Tanpa deklarasi semacam itu, berbagai peraturan ideal yang digagas KPU bakal percuma. Komitmen bersama untuk menggelar kampanye damai tanpa hoaks dan disinformasi juga tak akan ada artinya. Kedua kubu pasangan calon presiden akan terus saling serang dengan kabar bohong yang disebarkan menggunakan proxy. Mereka juga bisa terus bergerilya mengumpulkan dana kampanye tanpa harus tunduk pada aturan soal jumlah maksimal sumbangan politik. Kegelapan adalah tabir yang sempurna untuk suksesnya gerilya tim siluman.
Membiarkan kampanye politik pemilihan presiden 2019 dikendalikan para operator klandestin semacam itu adalah pilihan yang berbahaya. Mereka mengotori ruang publik kita dengan berbagai informasi sampah yang sengaja didesain untuk mempengaruhi- aspek emosional warga. Ujung-ujungnya, polarisasi di masyarakat kian lebar dan bisa meletup menjadi konflik terbuka.
Pasangan Joko Widodo-Ma’ruf Amin dan Prabowo Subianto-Sandiaga Uno punya tanggung jawab moral untuk memastikan tim sukses mereka bekerja dalam terang. Mereka tak bisa berkelit dengan dalih hanya bertanggung jawab atas kegiatan tim kampanye yang resmi terdaftar di KPU. Mustahil mereka tak tahu keberadaan tim siluman di kubunya. Karena itu, kedua pasangan calon presiden dan wakil presiden ini harus ikut bertanggung jawab jika ada pelanggaran hukum ataupun etik yang dilakukan tim bawah tanah mereka.
Itulah yang terjadi dalam skandal Watergate di Amerika Serikat pada Juni 1972. Lima orang yang tergabung dalam tim klandestin yang bekerja untuk Presiden Richard Nixon tertangkap basah membobol kantor partai seteru mereka, Partai Demokrat, di gedung Watergate, Washington, DC. Lewat investigasi surat kabar Washington Post dan upaya tak kenal menyerah para penegak hukum di sana, terungkap bahwa pembobolan itu adalah bagian dari operasi besar pembungkaman lawan-lawan politik Nixon yang dikendalikan tokoh-tokoh kunci di kantor kepresidenan.

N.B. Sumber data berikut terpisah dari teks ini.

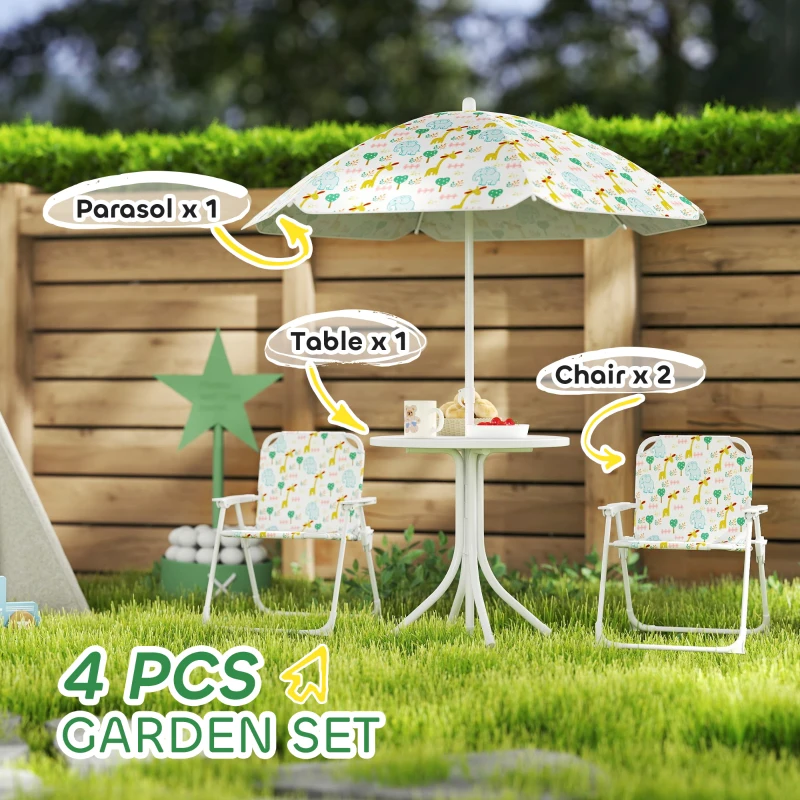 Qaba Kids Picnic Table and Chair Set, Outdoor Activity Table with Foldable Chairs, Removable Umbrella for Backyard, White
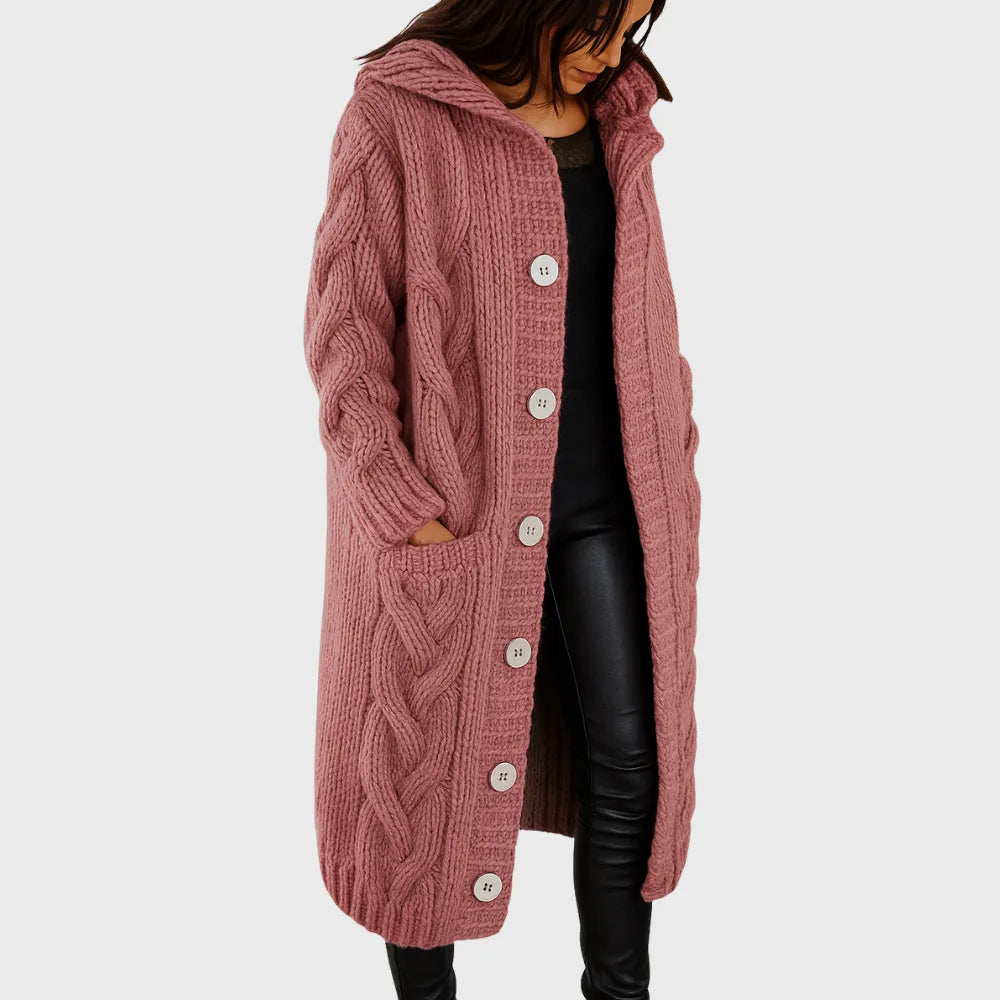 Hooded Longline Cable Knit Cardigan with Button Front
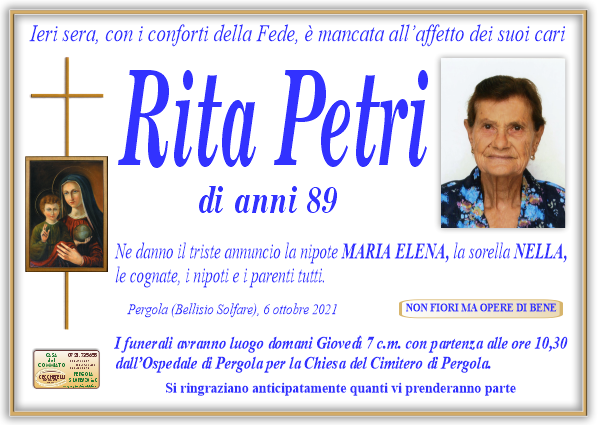manifesto funebre di Petri Rita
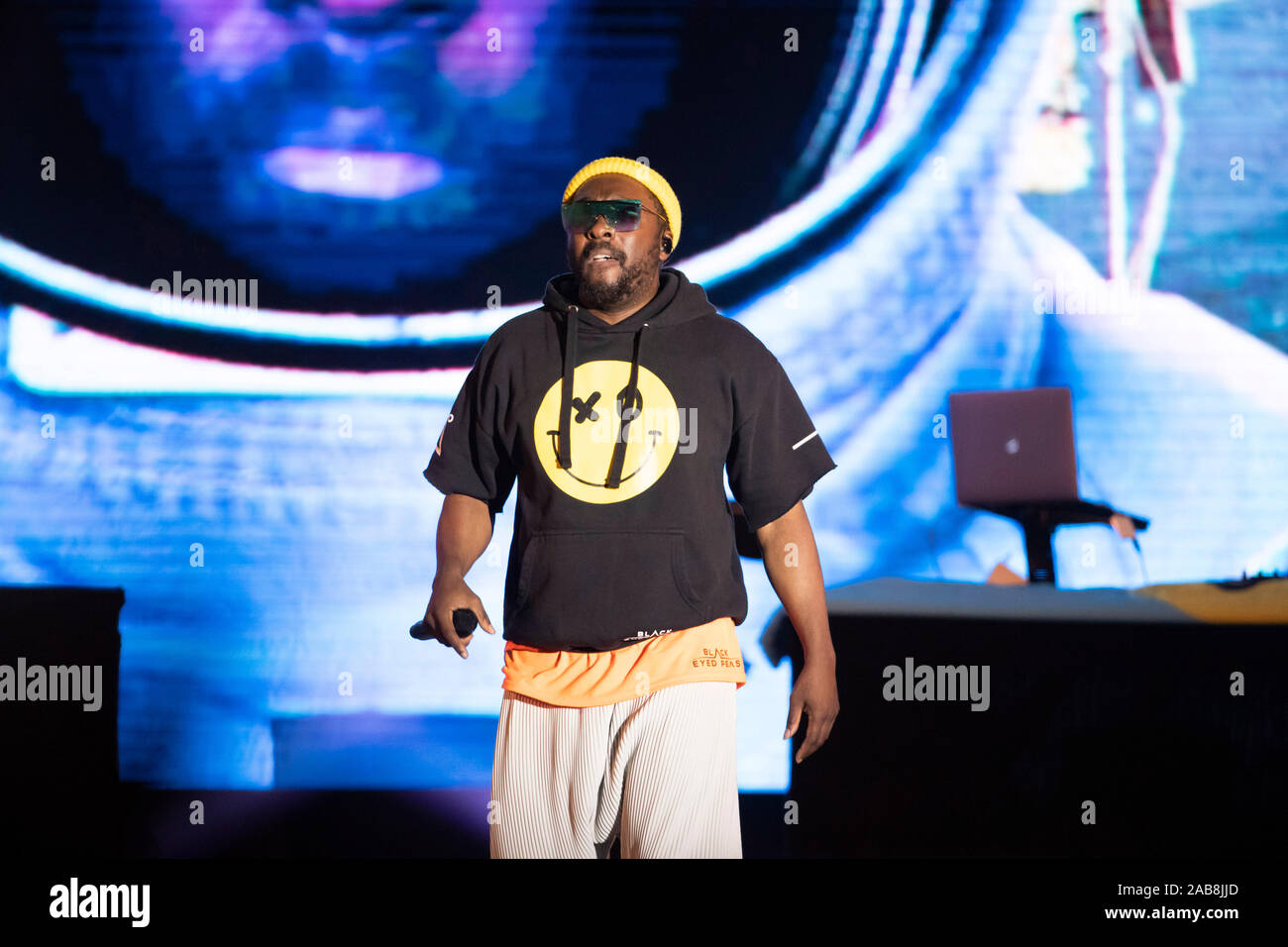 Les Black Eyed Peas en concert au Festival de Jazz à Nice le 18 juillet 2019. Les Black Eyed Peas avec des chanteurs Will.i.am, Taboo et Apl.de.ap et Taboo. Banque D'Images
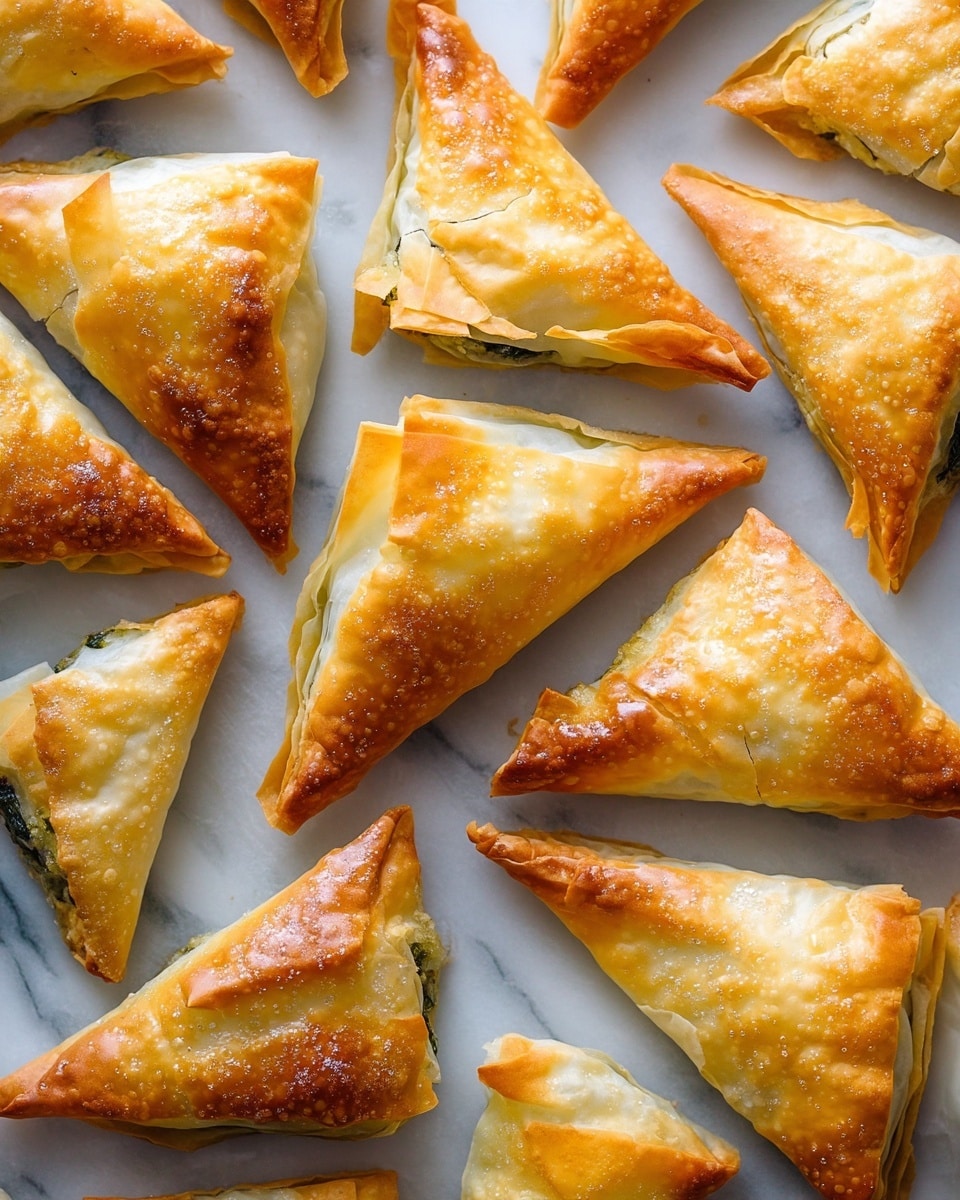Two crispy triangular pastries are shown on a white marbled surface, each pastry made from thin layers of light golden-brown phyllo dough. The dough looks flaky and delicate, with one pastry slightly open on top to reveal a green leafy filling inside that has a soft, moist texture. Small crumbs and bits of dough are scattered lightly around the pastries, adding a natural, fresh feel. photo taken with an iphone --ar 4:5 --v 7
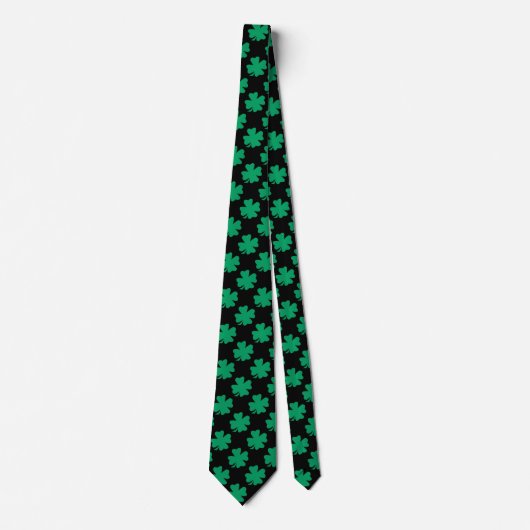 St Patricks Day Irish Kleeblatt Pattern Green Blac Krawatte (Vorderseite)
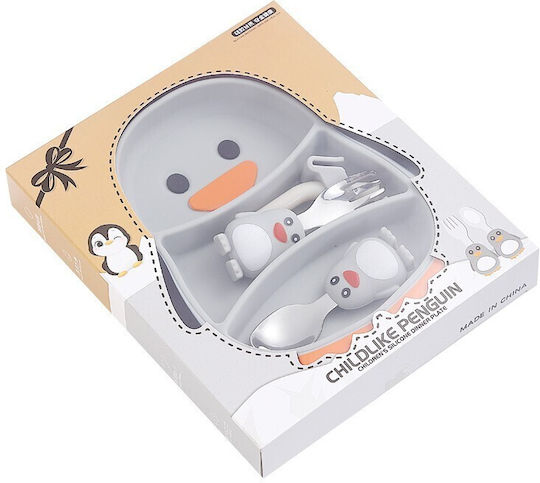 Feeding Set made of Silicone Gray 3pcs
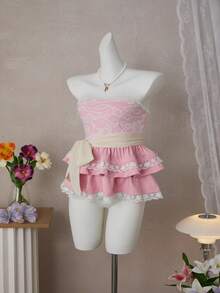 Elegant Sexy Pink Knit With White Lace Trim Camisole, Spring/Summer - Pink - View 2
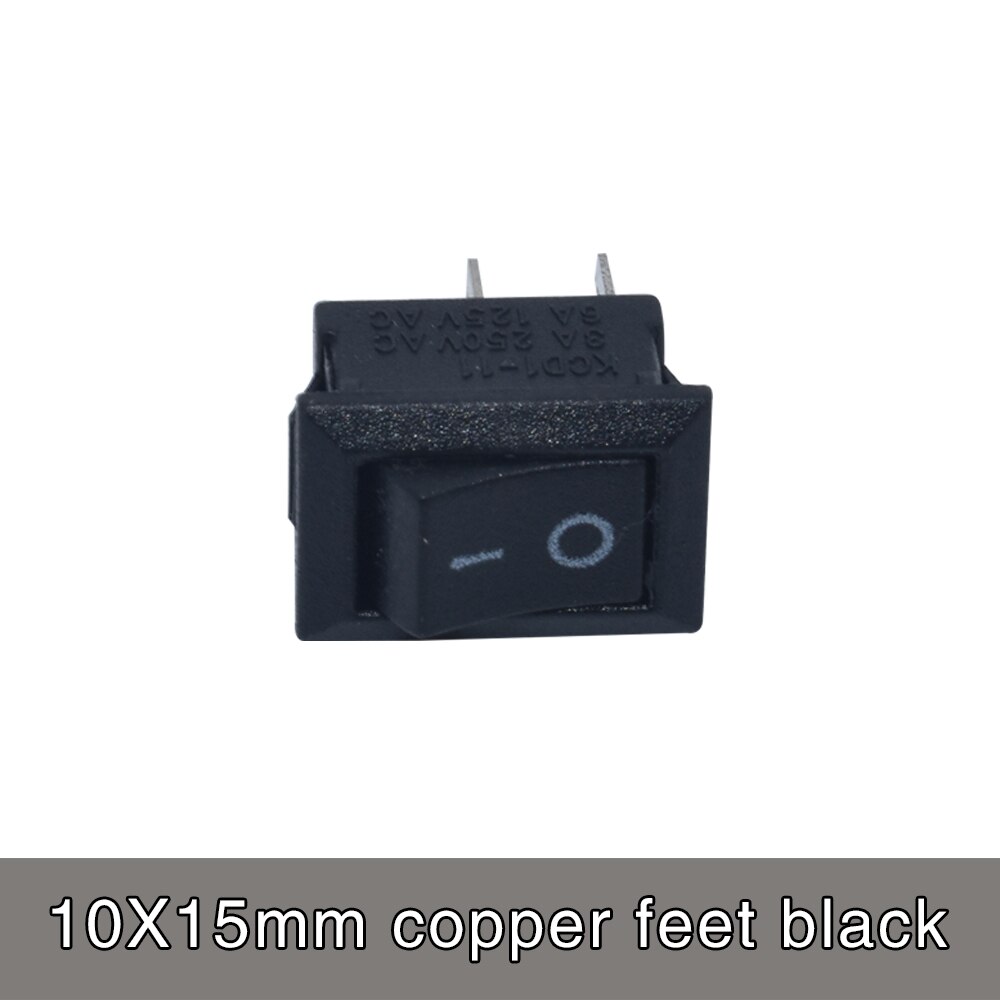 

5 шт. KCD1 клавишный переключатель кнопочный мини-переключатель 6A-10A 250 В KCD1-101 2-контактный защелкивающийся вкл/выкл 10*15 21*15 мм черный красный белый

Tak hanya itu, Nixon juga secara sistematis menyalahgunakan berbagai kewenangan pemerintahannya untuk kepentingan politik jangka pendek. Dia setuju menyadap komunikasi para tokoh oposisi dan memerintahkan kesalahan pajak dari lawan politiknya dipublikasikan. Kita tahu Nixon kemudian mengundurkan diri akibat skandal Watergate. Artinya, keberadaan tim siluman pun tak bisa menghilangkan alur tanggung jawab sang pucuk pimpinan.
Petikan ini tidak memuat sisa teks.